**Short descriptive text snippets:**
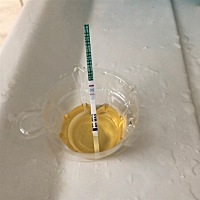 怀疑自己怀孕应该有10天左右了，生理期是8月1号，明天就要去医院检查了，一般会检查什么？抽血还是尿检...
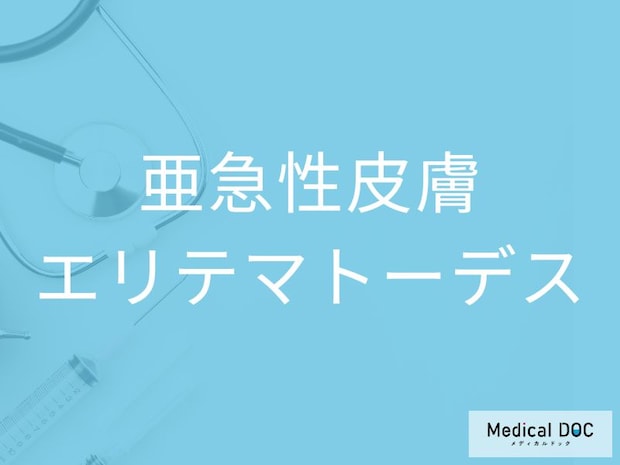 その皮疹、日光が原因かも? 「亜急性皮膚エリテマトーデス」の初期症状と早期発見のポイントを医師に聞く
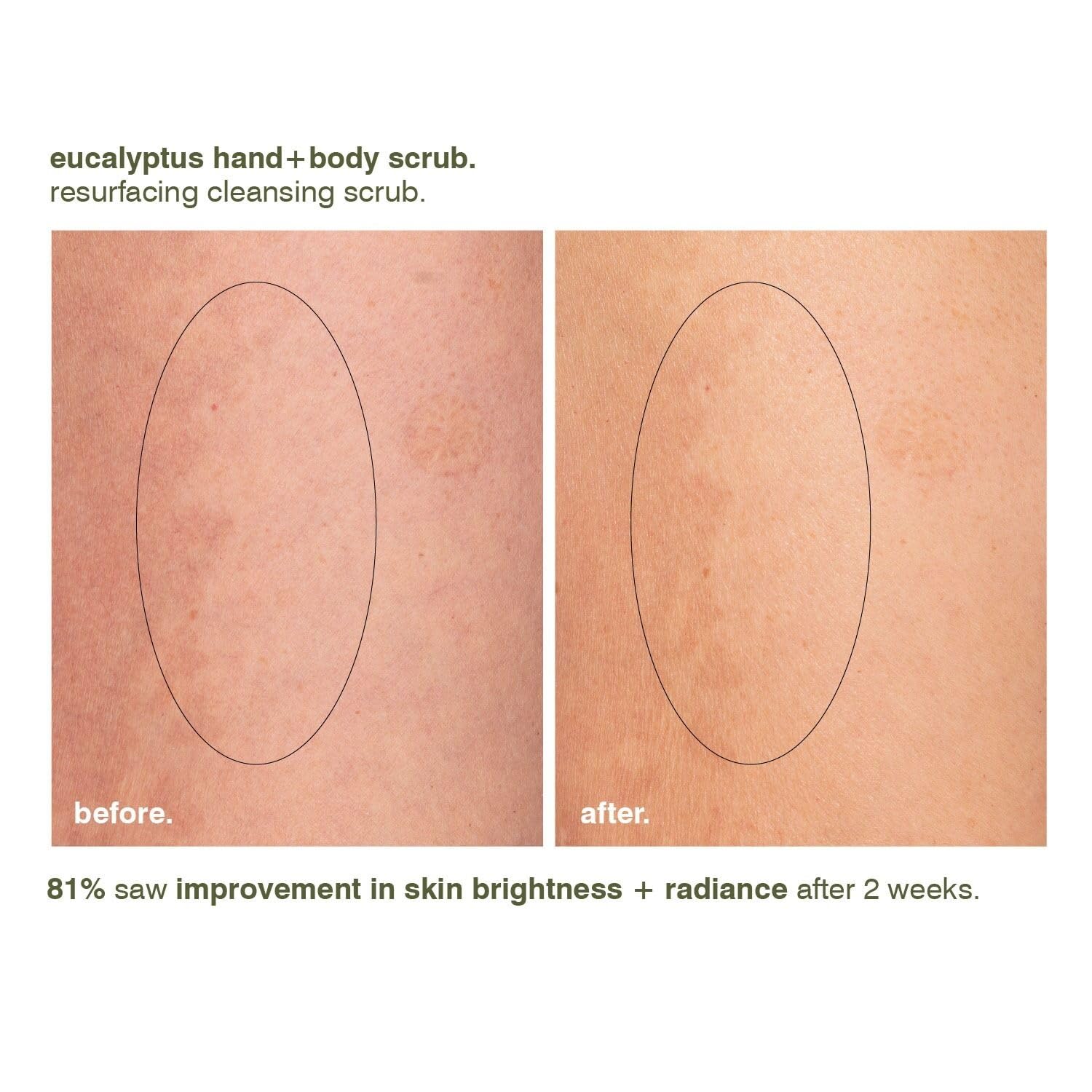 Elefair Tech MALIN+GOETZ Eucalyptus Hand + Body Scrub, Resurfacing Cleanser, - Elefair Tech Official Product View 7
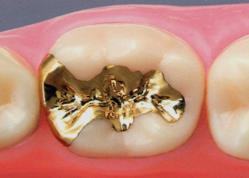 ゴールド（金合金）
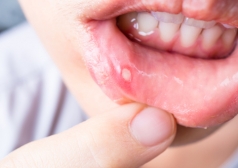 痛い パイナップル 唇 口腔アレルギー症候群とは？治療と対策 [アレルギー]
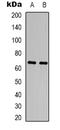 Dihydropyrimidinase Like 2 antibody, orb339013, Biorbyt, Western Blot image 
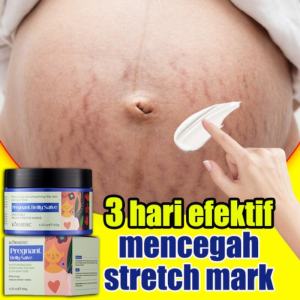 Stretch Mark Cream 120g Penghilang Strechmark Ampuh Permanen Removal Stretch Mark Dan C-Section Scars Penghilang Stretch Mark Ampuh Krim Perawatan Postpartum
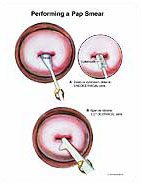 Medivisuals Performing A Pap Smear Medical Illustration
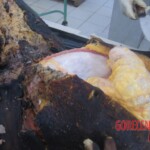 Burnt pregnant woman autopsy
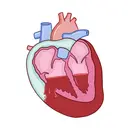 Cardiac Tamponade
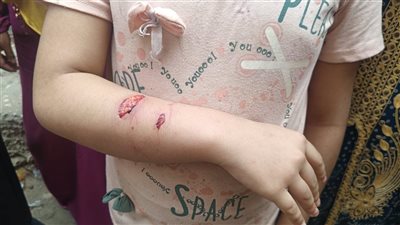 كلب ضال يعقر 7 أطفال بحى الصوفى بالفيوم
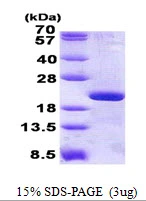 3microg Human RPL12 protein (GTX67760-pro) by SDS-PAGE under reducing condition and visualized by coomassie blue stain. 3microg Human RPL12 protein (GTX67760-pro) by SDS-PAGE under reducing condition and visualized by coomassie blue stain.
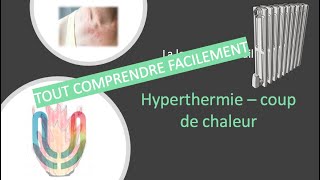 Urgences  la lecon avec cedille  hyperthermie coup de chaleur 🫨🥵 [upl. by Sullecram]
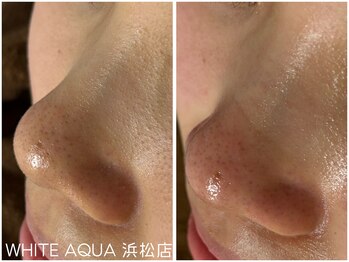 ホワイトアクア 浜松店(WHITE AQUA)/毛穴ケア/毛穴洗浄/浜松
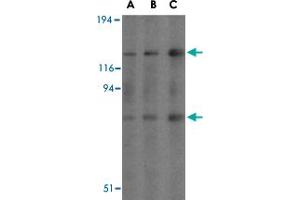 Western blot analysis of AGAP2 in mouse brain tissue lysates with AGAP2 polyclonal antibody  at (A) 0. (AGAP2 Antikörper  (C-Term))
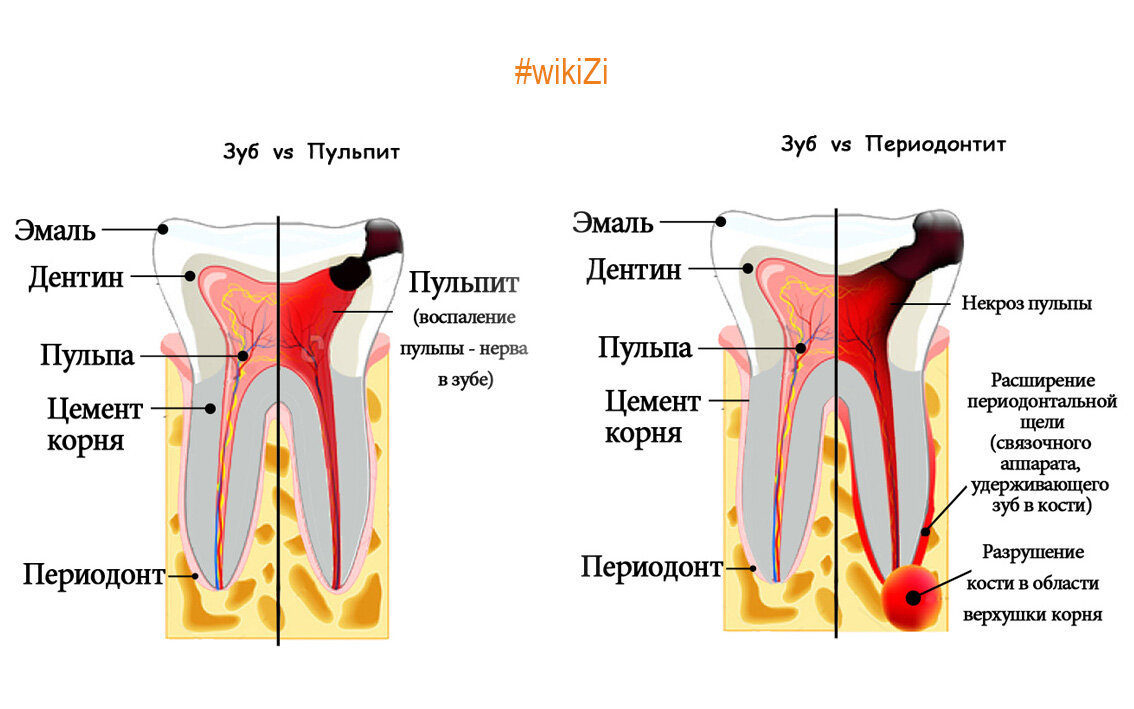 Лечение кариеса кальцием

**DIRECTIONS FOR THIS TASK:** Reproduce exactly and only the lines from the one with "Elefair Tech MALIN+GOETZ" through the last entry, both included, excluding every picture.

**ANSWER SPACE:**
 Elefair Tech MALIN+GOETZ Eucalyptus Hand + Body Scrub, Resurfacing Cleanser, - Elefair Tech Official Product View 7
 ゴールド（金合金）
 痛い パイナップル 唇 口腔アレルギー症候群とは？治療と対策 [アレルギー]
 Dihydropyrimidinase Like 2 antibody, orb339013, Biorbyt, Western Blot image 
 Stretch Mark Cream 120g Penghilang Strechmark Ampuh Permanen Removal Stretch Mark Dan C-Section Scars Penghilang Stretch Mark Ampuh Krim Perawatan Postpartum
 Medivisuals Performing A Pap Smear Medical Illustration
 Burnt pregnant woman autopsy
 Cardiac Tamponade
 كلب ضال يعقر 7 أطفال بحى الصوفى بالفيوم
 3microg Human RPL12 protein (GTX67760-pro) by SDS-PAGE under reducing condition and visualized by coomassie blue stain. 3microg Human RPL12 protein (GTX67760-pro) by SDS-PAGE under reducing condition and visualized by coomassie blue stain.
 Urgences  la lecon avec cedille  hyperthermie coup de chaleur 🫨🥵 [upl. by Sullecram]
 ホワイトアクア 浜松店(WHITE AQUA)/毛穴ケア/毛穴洗浄/浜松
 Western blot analysis of AGAP2 in mouse brain tissue lysates with AGAP2 polyclonal antibody  at (A) 0. (AGAP2 Antikörper  (C-Term))
 Лечение кариеса кальцием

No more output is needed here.